# Materials provided:

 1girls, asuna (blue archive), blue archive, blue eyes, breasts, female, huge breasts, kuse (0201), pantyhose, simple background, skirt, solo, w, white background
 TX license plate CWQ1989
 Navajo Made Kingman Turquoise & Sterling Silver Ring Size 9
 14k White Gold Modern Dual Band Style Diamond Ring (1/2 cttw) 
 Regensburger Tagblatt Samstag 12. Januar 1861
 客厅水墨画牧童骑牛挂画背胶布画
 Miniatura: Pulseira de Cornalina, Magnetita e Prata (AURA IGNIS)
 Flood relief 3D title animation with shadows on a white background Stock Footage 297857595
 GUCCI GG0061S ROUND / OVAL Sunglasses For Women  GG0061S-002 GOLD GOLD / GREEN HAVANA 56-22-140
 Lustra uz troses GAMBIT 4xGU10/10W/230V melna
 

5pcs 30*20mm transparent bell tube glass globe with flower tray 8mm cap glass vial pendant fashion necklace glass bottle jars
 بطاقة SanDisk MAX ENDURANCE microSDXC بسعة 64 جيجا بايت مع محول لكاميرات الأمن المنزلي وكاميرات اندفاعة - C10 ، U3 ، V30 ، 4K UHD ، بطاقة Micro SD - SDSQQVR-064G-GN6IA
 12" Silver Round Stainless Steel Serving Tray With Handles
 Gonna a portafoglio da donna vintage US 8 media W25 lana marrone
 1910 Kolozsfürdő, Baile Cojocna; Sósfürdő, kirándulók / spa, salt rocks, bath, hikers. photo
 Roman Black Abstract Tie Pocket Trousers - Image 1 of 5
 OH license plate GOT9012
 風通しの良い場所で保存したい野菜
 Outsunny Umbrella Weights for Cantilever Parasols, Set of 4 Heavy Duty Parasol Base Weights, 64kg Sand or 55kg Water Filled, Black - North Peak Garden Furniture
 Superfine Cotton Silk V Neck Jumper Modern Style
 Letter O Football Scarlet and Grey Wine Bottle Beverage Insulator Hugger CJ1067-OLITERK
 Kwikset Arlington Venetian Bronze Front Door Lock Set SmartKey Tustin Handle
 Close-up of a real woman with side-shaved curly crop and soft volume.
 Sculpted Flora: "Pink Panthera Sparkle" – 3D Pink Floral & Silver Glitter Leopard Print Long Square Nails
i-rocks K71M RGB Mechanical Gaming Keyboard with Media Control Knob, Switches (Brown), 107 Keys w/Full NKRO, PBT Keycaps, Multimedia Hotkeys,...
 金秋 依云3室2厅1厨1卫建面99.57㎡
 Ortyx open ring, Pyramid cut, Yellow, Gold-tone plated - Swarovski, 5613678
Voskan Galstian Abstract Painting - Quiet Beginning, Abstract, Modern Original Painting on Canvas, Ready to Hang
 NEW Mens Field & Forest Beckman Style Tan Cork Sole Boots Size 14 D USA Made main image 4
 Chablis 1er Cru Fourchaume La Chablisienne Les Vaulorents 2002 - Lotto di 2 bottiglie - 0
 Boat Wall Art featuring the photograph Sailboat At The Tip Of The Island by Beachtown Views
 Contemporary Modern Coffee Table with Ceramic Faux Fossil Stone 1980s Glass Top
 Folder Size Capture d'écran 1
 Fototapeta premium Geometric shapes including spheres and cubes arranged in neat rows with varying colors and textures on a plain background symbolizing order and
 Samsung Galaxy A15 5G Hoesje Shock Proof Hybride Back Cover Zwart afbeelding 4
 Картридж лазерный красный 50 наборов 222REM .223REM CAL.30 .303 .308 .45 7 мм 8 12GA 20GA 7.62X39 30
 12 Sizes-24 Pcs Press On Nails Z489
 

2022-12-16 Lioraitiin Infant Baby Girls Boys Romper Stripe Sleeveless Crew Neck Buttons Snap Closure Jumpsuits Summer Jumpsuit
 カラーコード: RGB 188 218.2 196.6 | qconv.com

# Task prompt:
Restating the data word for word is the whole task.

# Result of this exercise:
 1girls, asuna (blue archive), blue archive, blue eyes, breasts, female, huge breasts, kuse (0201), pantyhose, simple background, skirt, solo, w, white background
 TX license plate CWQ1989
 Navajo Made Kingman Turquoise & Sterling Silver Ring Size 9
 14k White Gold Modern Dual Band Style Diamond Ring (1/2 cttw) 
 Regensburger Tagblatt Samstag 12. Januar 1861
 客厅水墨画牧童骑牛挂画背胶布画
 Miniatura: Pulseira de Cornalina, Magnetita e Prata (AURA IGNIS)
 Flood relief 3D title animation with shadows on a white background Stock Footage 297857595
 GUCCI GG0061S ROUND / OVAL Sunglasses For Women  GG0061S-002 GOLD GOLD / GREEN HAVANA 56-22-140
 Lustra uz troses GAMBIT 4xGU10/10W/230V melna
 

5pcs 30*20mm transparent bell tube glass globe with flower tray 8mm cap glass vial pendant fashion necklace glass bottle jars
 بطاقة SanDisk MAX ENDURANCE microSDXC بسعة 64 جيجا بايت مع محول لكاميرات الأمن المنزلي وكاميرات اندفاعة - C10 ، U3 ، V30 ، 4K UHD ، بطاقة Micro SD - SDSQQVR-064G-GN6IA
 12" Silver Round Stainless Steel Serving Tray With Handles
 Gonna a portafoglio da donna vintage US 8 media W25 lana marrone
 1910 Kolozsfürdő, Baile Cojocna; Sósfürdő, kirándulók / spa, salt rocks, bath, hikers. photo
 Roman Black Abstract Tie Pocket Trousers - Image 1 of 5
 OH license plate GOT9012
 風通しの良い場所で保存したい野菜
 Outsunny Umbrella Weights for Cantilever Parasols, Set of 4 Heavy Duty Parasol Base Weights, 64kg Sand or 55kg Water Filled, Black - North Peak Garden Furniture
 Superfine Cotton Silk V Neck Jumper Modern Style
 Letter O Football Scarlet and Grey Wine Bottle Beverage Insulator Hugger CJ1067-OLITERK
 Kwikset Arlington Venetian Bronze Front Door Lock Set SmartKey Tustin Handle
 Close-up of a real woman with side-shaved curly crop and soft volume.
 Sculpted Flora: "Pink Panthera Sparkle" – 3D Pink Floral & Silver Glitter Leopard Print Long Square Nails
i-rocks K71M RGB Mechanical Gaming Keyboard with Media Control Knob, Switches (Brown), 107 Keys w/Full NKRO, PBT Keycaps, Multimedia Hotkeys,...
 金秋 依云3室2厅1厨1卫建面99.57㎡
 Ortyx open ring, Pyramid cut, Yellow, Gold-tone plated - Swarovski, 5613678
Voskan Galstian Abstract Painting - Quiet Beginning, Abstract, Modern Original Painting on Canvas, Ready to Hang
 NEW Mens Field & Forest Beckman Style Tan Cork Sole Boots Size 14 D USA Made main image 4
 Chablis 1er Cru Fourchaume La Chablisienne Les Vaulorents 2002 - Lotto di 2 bottiglie - 0
 Boat Wall Art featuring the photograph Sailboat At The Tip Of The Island by Beachtown Views
 Contemporary Modern Coffee Table with Ceramic Faux Fossil Stone 1980s Glass Top
 Folder Size Capture d'écran 1
 Fototapeta premium Geometric shapes including spheres and cubes arranged in neat rows with varying colors and textures on a plain background symbolizing order and
 Samsung Galaxy A15 5G Hoesje Shock Proof Hybride Back Cover Zwart afbeelding 4
 Картридж лазерный красный 50 наборов 222REM .223REM CAL.30 .303 .308 .45 7 мм 8 12GA 20GA 7.62X39 30
 12 Sizes-24 Pcs Press On Nails Z489
 

2022-12-16 Lioraitiin Infant Baby Girls Boys Romper Stripe Sleeveless Crew Neck Buttons Snap Closure Jumpsuits Summer Jumpsuit
 カラーコード: RGB 188 218.2 196.6 | qconv.com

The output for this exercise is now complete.